_Assignment:_ Leaving out each picture, transcribe the lines of the listing below exactly from the first through the line that contains "HOT WHEELS PREMIUM.".
● ● ● ● ●
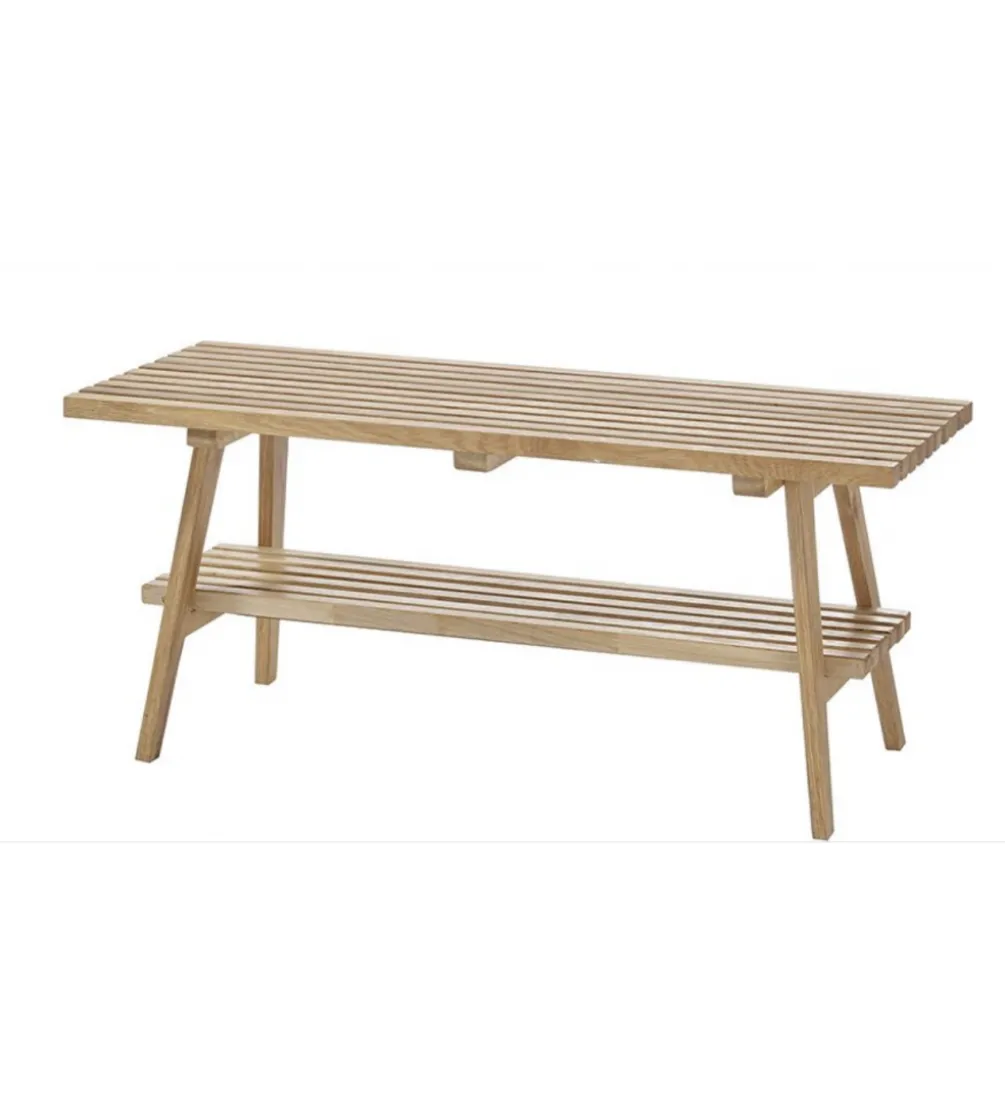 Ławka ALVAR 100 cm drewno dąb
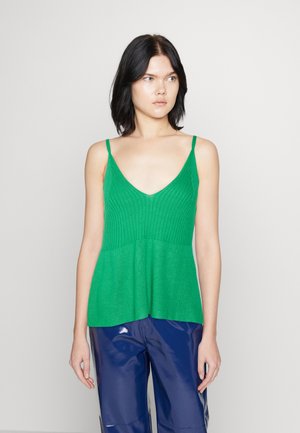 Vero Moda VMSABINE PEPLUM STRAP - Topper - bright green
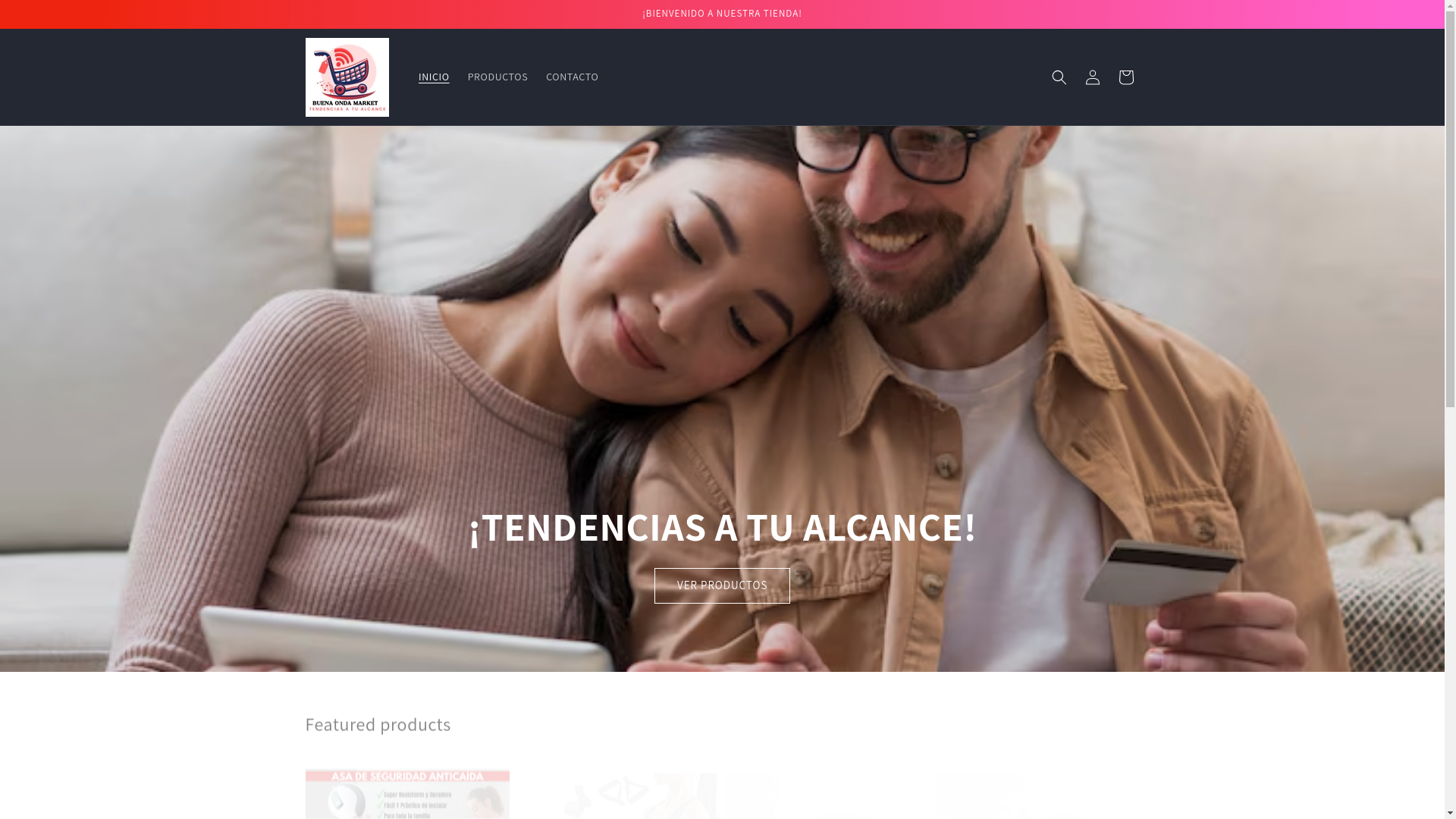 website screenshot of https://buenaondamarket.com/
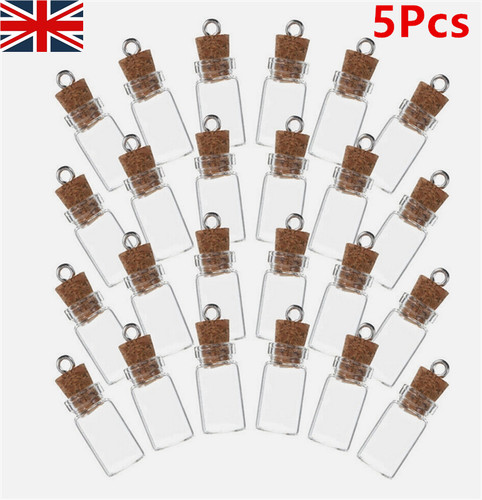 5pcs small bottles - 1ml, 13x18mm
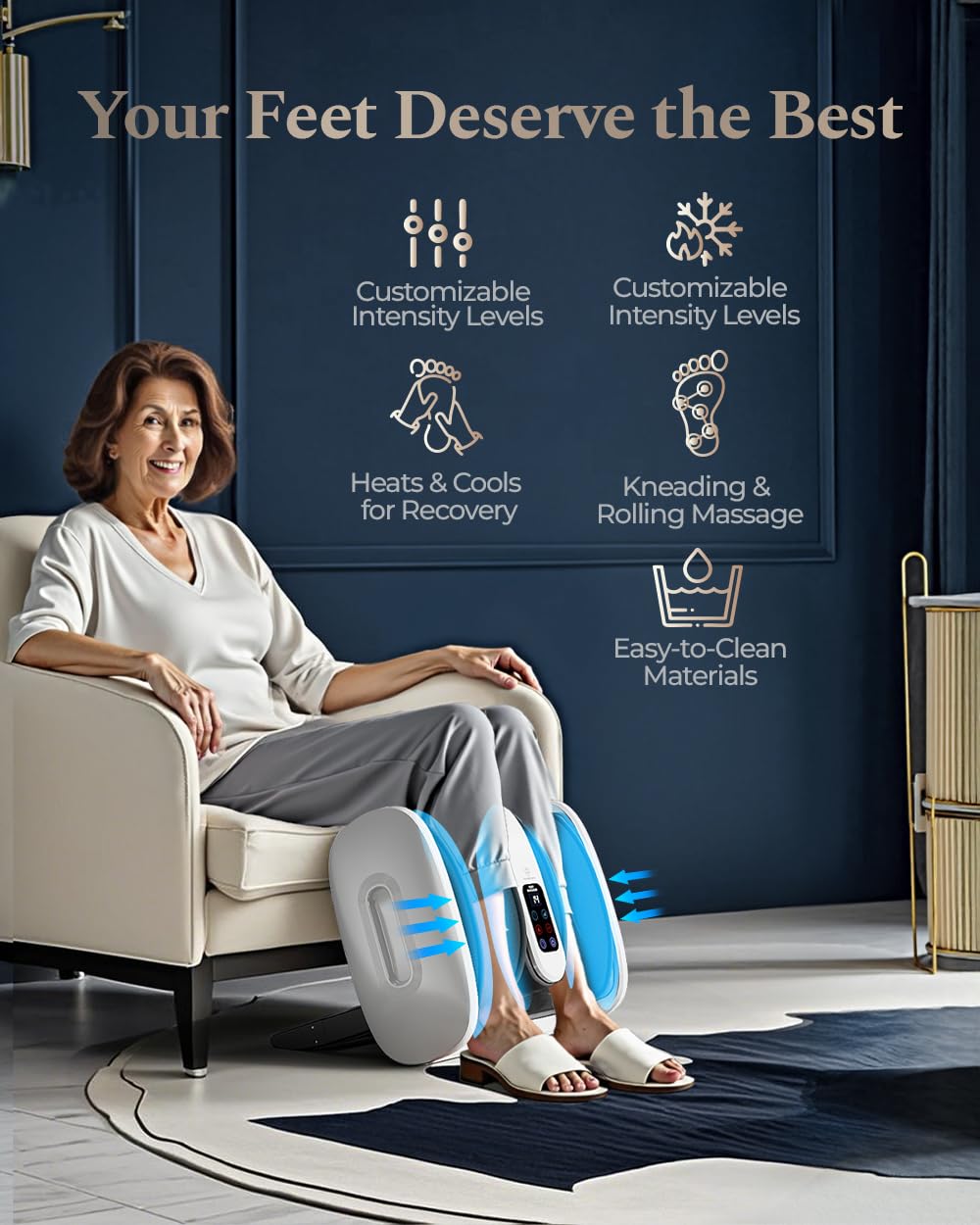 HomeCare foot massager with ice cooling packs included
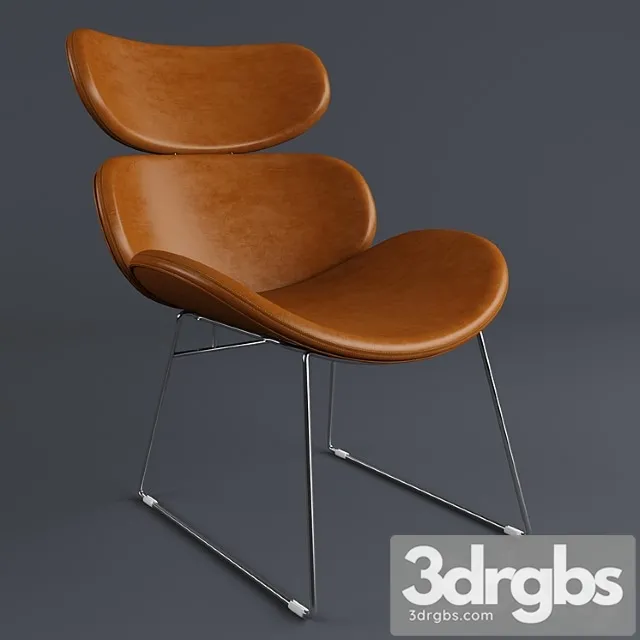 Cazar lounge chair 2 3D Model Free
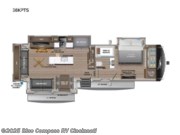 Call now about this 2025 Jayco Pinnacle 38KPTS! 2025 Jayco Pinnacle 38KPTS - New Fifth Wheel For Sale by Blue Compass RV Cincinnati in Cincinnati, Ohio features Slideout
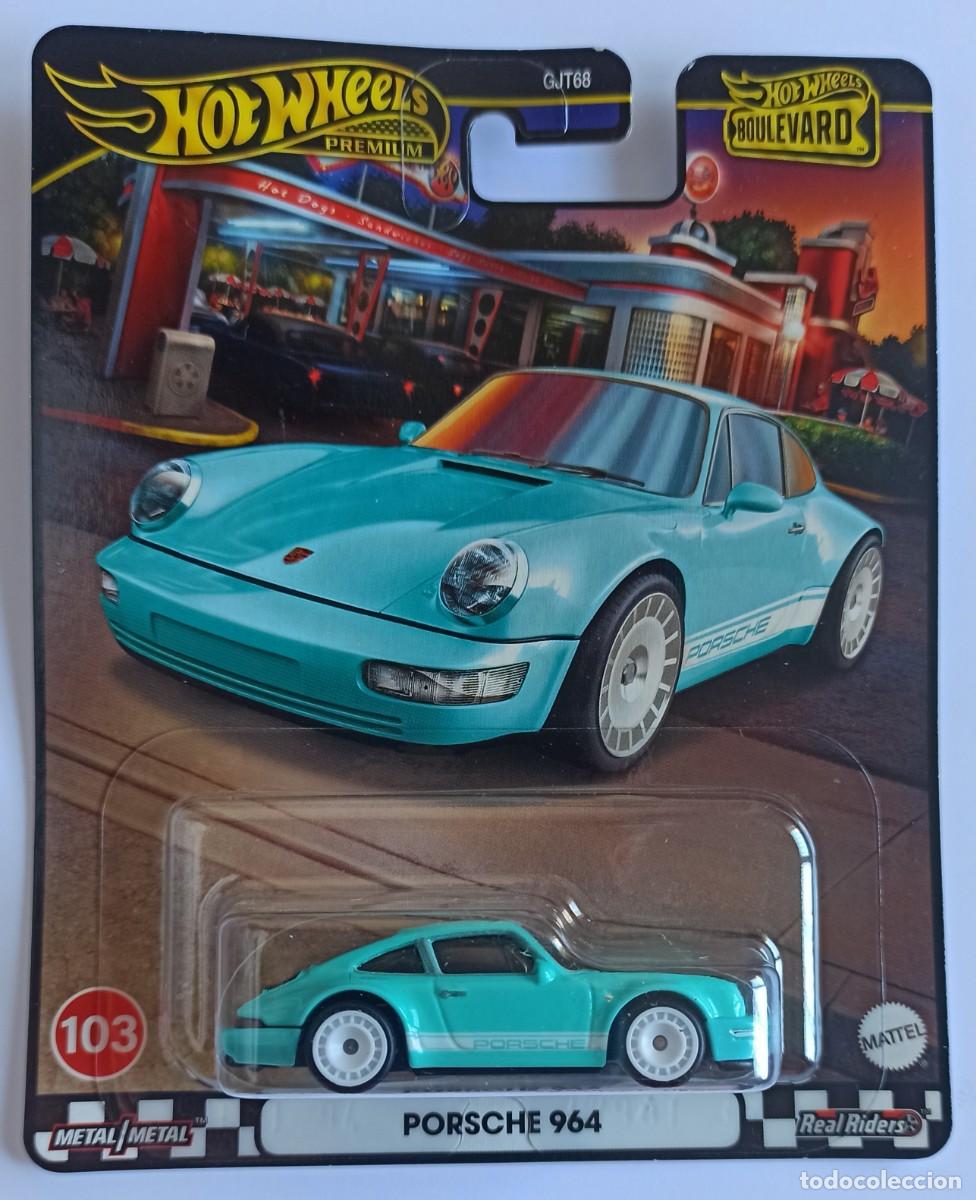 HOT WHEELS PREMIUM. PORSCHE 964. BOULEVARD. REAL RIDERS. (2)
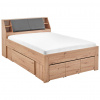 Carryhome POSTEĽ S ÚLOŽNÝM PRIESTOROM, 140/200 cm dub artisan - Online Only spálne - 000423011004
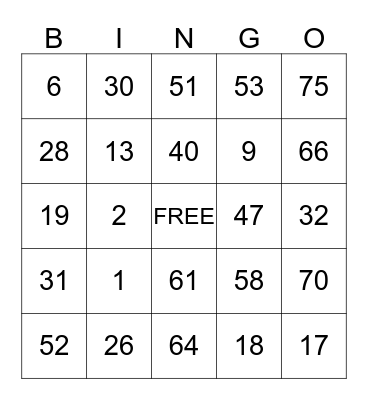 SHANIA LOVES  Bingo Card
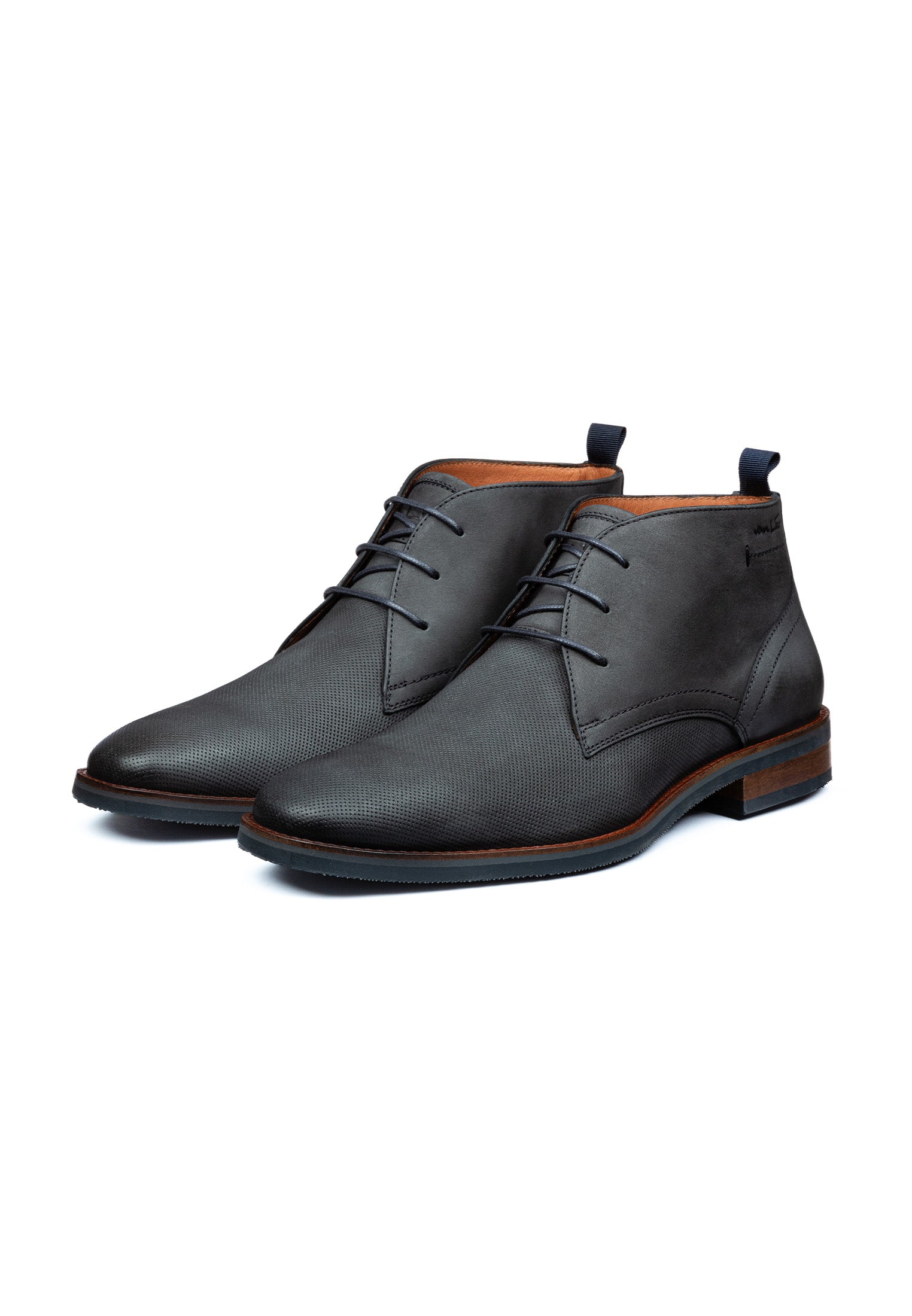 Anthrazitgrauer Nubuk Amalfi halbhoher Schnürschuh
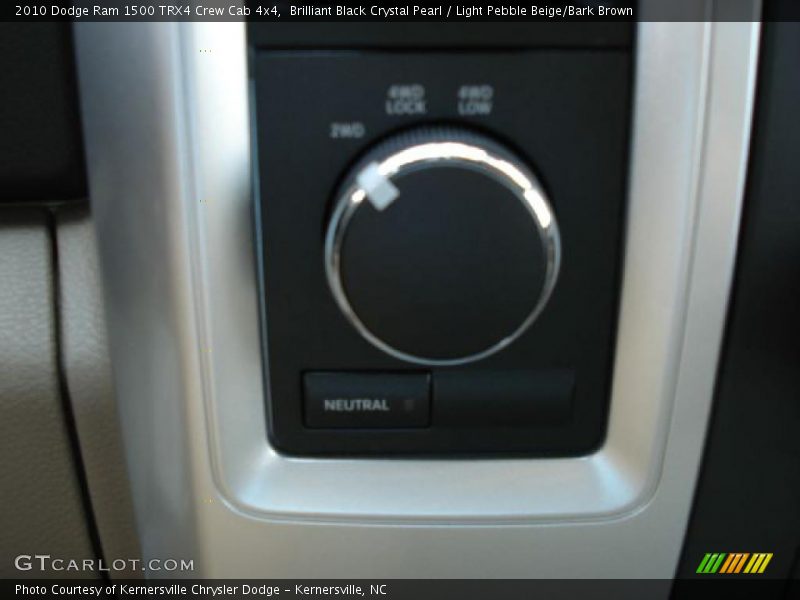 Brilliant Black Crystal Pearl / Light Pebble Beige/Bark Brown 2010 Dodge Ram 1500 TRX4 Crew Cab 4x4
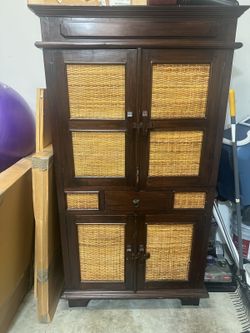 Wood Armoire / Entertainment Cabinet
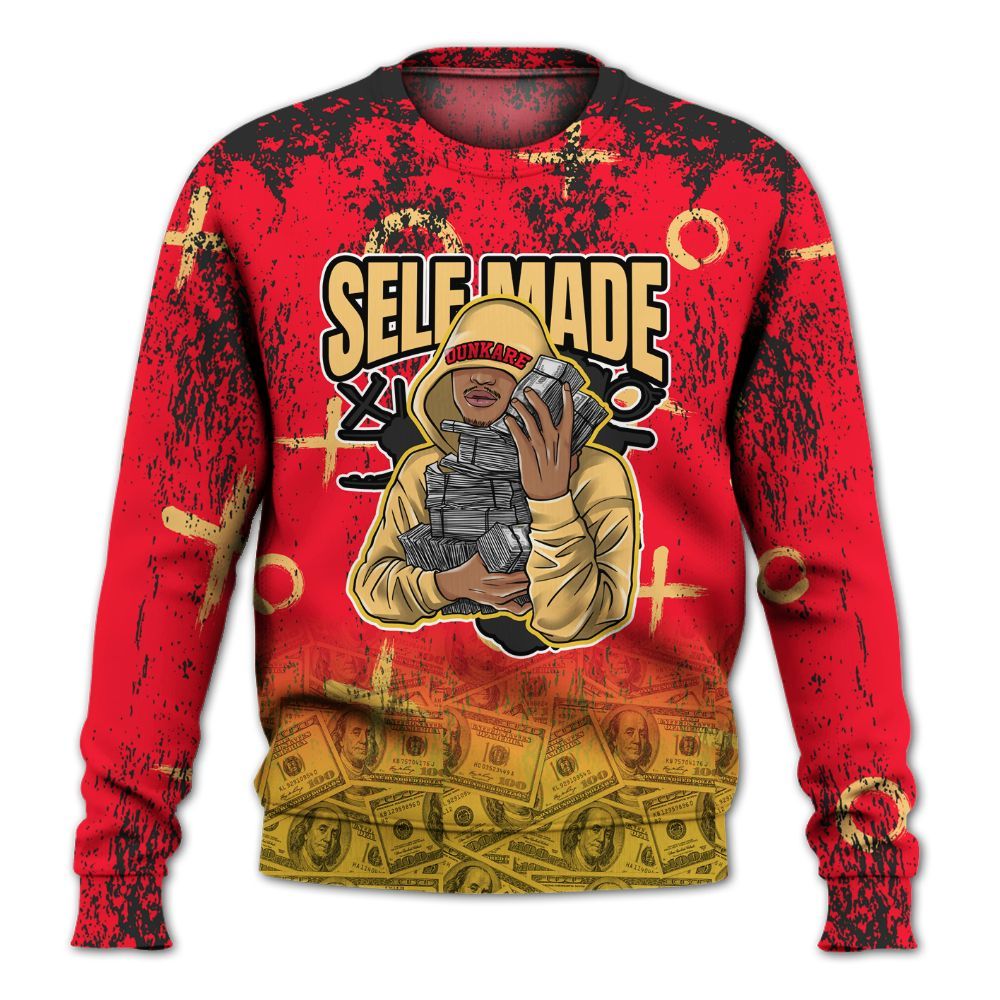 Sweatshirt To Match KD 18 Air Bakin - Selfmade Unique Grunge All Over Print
● ● ● ● ●
_Answer to this exercise:_
 Ławka ALVAR 100 cm drewno dąb
 Vero Moda VMSABINE PEPLUM STRAP - Topper - bright green
 website screenshot of https://buenaondamarket.com/
 5pcs small bottles - 1ml, 13x18mm
 HomeCare foot massager with ice cooling packs included
 Cazar lounge chair 2 3D Model Free
 Call now about this 2025 Jayco Pinnacle 38KPTS! 2025 Jayco Pinnacle 38KPTS - New Fifth Wheel For Sale by Blue Compass RV Cincinnati in Cincinnati, Ohio features Slideout
 HOT WHEELS PREMIUM. PORSCHE 964. BOULEVARD. REAL RIDERS. (2)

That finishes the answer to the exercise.